Be proactive and prepare your support team to handle negative feedback before the holiday season to ensure you’re not compromising on your customer experience.
By engaging with negative reviews and offering solutions, you show your customers that you are proactive with customer support and make them feel valued. You also build a new level of trust and confidence with prospective shoppers who can see that you provide excellent customer service.
3. Capture Zero-Party Data to Fuel your Personalization Efforts
Reviews can be a goldmine of data if utilized correctly. Apart from being user-generated content that you can utilize to building trust with your potential customers, you can use reviews can also be used to collect data about your customer's preferences, behaviors, demographics, and more. Collecting this data directly from your customers is becoming increasingly important with the Google, Meta, and Apple privacy changes, so brands should capitalize on the increase in sales during Black Friday to collect as much customer data as possible through reviews.
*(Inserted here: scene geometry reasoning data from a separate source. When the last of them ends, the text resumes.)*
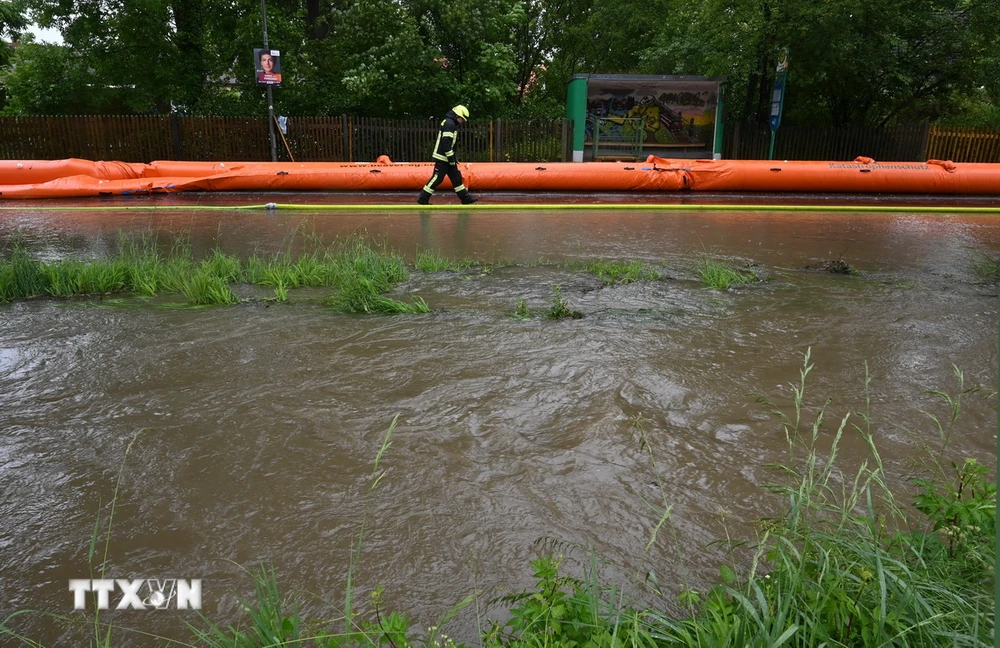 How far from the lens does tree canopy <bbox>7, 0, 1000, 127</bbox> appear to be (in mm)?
17203

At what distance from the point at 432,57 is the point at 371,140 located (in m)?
3.06

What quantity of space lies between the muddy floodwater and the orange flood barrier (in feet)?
26.5

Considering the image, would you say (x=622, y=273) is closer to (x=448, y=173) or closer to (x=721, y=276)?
(x=721, y=276)

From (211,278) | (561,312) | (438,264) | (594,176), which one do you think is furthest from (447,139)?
(561,312)

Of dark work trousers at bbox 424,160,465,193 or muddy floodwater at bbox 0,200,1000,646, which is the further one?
dark work trousers at bbox 424,160,465,193

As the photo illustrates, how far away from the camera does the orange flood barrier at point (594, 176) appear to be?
49.2ft

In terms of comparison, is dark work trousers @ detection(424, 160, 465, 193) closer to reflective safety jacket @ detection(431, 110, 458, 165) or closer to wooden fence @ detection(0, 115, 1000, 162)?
reflective safety jacket @ detection(431, 110, 458, 165)

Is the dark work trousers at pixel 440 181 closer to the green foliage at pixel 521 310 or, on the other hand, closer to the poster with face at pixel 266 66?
the poster with face at pixel 266 66

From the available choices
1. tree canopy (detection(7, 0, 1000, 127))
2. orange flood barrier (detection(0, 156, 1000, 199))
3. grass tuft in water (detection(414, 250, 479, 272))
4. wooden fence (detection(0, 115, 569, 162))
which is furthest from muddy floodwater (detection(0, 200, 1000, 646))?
wooden fence (detection(0, 115, 569, 162))

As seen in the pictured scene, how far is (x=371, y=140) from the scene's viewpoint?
19.1m

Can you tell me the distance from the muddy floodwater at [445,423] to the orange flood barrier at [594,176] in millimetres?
8086

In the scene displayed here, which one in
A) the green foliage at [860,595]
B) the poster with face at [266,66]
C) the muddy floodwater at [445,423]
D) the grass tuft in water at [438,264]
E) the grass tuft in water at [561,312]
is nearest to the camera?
Answer: the green foliage at [860,595]

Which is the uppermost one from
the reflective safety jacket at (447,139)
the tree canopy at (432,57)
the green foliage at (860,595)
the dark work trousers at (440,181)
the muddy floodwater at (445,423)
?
the tree canopy at (432,57)

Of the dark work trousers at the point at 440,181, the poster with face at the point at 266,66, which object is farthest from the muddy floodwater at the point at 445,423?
the poster with face at the point at 266,66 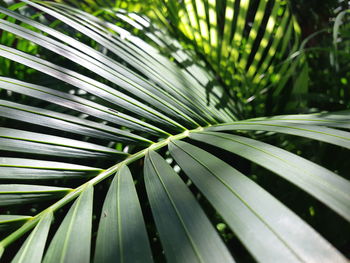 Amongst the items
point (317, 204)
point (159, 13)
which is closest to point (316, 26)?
point (159, 13)

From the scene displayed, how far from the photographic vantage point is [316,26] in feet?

By including customer attributes in your reviews , you can collect valuable zero-party data directly from your customers and use it to personalize your customer experience. It also helps you to accurately segment your customers, identify attributes of your ideal customer, and double down on catering to their interests.
For example, an athleisure brand might ask customers to provide their height, body type, and their favorite type of workouts with their review. With this information, this brand can provide more accurate product recommendations, or send theis customer articles or local event invites that they might find interesting based on their workout of choice.
4. Collecting Feedback with Micro-Surveys
In an ideal world, every customer would leave a review. But in reality, brands should have more than one means for collecting feedback during the holidays (and all year round). One such method is to embed micro-surveys throughout the customer experience, including the on-site and post-purchase experience.
Micro-surveys are surveys that have 1-2 questions maximum. These surveys take the consumer less time to complete, and therefore have a much higher response rate compared to a lengthy questionnaire.
There are many different types of questions that brands could ask in a micro-survey. One popular use case is to monitor the customer experience using a NPS, CES, or CSAT framework. Brands can use these frameworks to accurately measure customer satisfaction and loyalty levels, identify specific drivers of customer frustration and happiness, and take informed actions to optimize the customer experience as needed. This level of insight is especially important for customer service teams to understand during BFCM when both sales and ticket-volume are at an all-time high for the year.
Micro-surveys can also be used to collect zero-party data from your customers. Even better, with contextual targeting, brands can ask relevant questions to specific groups of customers. Let’s take the same athleisure brand we mentioned before. If a customer doesn’t leave a review on their first purchase, that brand can ask the customer their favorite workout in a micro-survey that pops up on their next visit to the website. However, if another customer left a review after their first purchase and the brand already has the data about their favorite workout, they can ask a different question to that customer on a pop-up survey, such as their preferences for leggings color. With the increase in web traffic and orders during the holiday season, contextually targeted micro-surveys provide a huge opportunity for brands to collect as much information about both their prospective buyers and repeat customers to drive conversion and build loyalty.